EXERCISE GOAL
Quote the line containing "Toki Kids Standard" and all lines that follow it in the listing below, exactly as written.
SUPPLIED MATERIAL START
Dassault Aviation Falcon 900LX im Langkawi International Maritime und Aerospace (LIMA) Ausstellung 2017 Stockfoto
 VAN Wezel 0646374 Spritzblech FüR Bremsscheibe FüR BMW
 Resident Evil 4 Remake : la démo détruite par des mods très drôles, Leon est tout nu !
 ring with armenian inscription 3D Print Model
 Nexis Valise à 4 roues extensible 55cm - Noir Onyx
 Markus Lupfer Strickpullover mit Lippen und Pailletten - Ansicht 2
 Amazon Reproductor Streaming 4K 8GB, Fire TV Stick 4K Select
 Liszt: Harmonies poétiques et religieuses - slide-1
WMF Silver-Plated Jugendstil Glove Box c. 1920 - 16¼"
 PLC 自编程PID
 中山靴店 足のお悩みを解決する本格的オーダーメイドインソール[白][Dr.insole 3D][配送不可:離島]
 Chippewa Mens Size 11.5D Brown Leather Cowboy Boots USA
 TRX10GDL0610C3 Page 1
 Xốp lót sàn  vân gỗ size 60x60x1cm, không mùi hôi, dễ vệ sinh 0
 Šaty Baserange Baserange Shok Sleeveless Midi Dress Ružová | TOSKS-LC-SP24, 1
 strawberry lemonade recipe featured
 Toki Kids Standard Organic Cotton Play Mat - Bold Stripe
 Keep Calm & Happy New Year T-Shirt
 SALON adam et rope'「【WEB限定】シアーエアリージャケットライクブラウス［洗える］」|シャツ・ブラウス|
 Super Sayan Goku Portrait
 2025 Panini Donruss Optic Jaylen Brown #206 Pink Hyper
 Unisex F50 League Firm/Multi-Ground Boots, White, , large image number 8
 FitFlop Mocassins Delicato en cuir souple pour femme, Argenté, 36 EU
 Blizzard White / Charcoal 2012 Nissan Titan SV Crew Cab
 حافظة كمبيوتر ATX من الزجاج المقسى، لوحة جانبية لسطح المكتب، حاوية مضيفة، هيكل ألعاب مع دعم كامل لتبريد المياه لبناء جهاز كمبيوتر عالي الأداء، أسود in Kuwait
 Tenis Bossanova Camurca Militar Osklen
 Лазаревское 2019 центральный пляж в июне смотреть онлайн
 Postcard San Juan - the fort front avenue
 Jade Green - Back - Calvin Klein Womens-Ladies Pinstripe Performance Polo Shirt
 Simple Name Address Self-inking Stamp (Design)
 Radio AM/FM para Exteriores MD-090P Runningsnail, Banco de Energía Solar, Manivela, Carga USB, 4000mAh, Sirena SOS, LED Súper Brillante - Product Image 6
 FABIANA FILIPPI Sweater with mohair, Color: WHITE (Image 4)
SUPPLIED MATERIAL END
THE ANSWER
 Toki Kids Standard Organic Cotton Play Mat - Bold Stripe
 Keep Calm & Happy New Year T-Shirt
 SALON adam et rope'「【WEB限定】シアーエアリージャケットライクブラウス［洗える］」|シャツ・ブラウス|
 Super Sayan Goku Portrait
 2025 Panini Donruss Optic Jaylen Brown #206 Pink Hyper
 Unisex F50 League Firm/Multi-Ground Boots, White, , large image number 8
 FitFlop Mocassins Delicato en cuir souple pour femme, Argenté, 36 EU
 Blizzard White / Charcoal 2012 Nissan Titan SV Crew Cab
 حافظة كمبيوتر ATX من الزجاج المقسى، لوحة جانبية لسطح المكتب، حاوية مضيفة، هيكل ألعاب مع دعم كامل لتبريد المياه لبناء جهاز كمبيوتر عالي الأداء، أسود in Kuwait
 Tenis Bossanova Camurca Militar Osklen
 Лазаревское 2019 центральный пляж в июне смотреть онлайн
 Postcard San Juan - the fort front avenue
 Jade Green - Back - Calvin Klein Womens-Ladies Pinstripe Performance Polo Shirt
 Simple Name Address Self-inking Stamp (Design)
 Radio AM/FM para Exteriores MD-090P Runningsnail, Banco de Energía Solar, Manivela, Carga USB, 4000mAh, Sirena SOS, LED Súper Brillante - Product Image 6
 FABIANA FILIPPI Sweater with mohair, Color: WHITE (Image 4)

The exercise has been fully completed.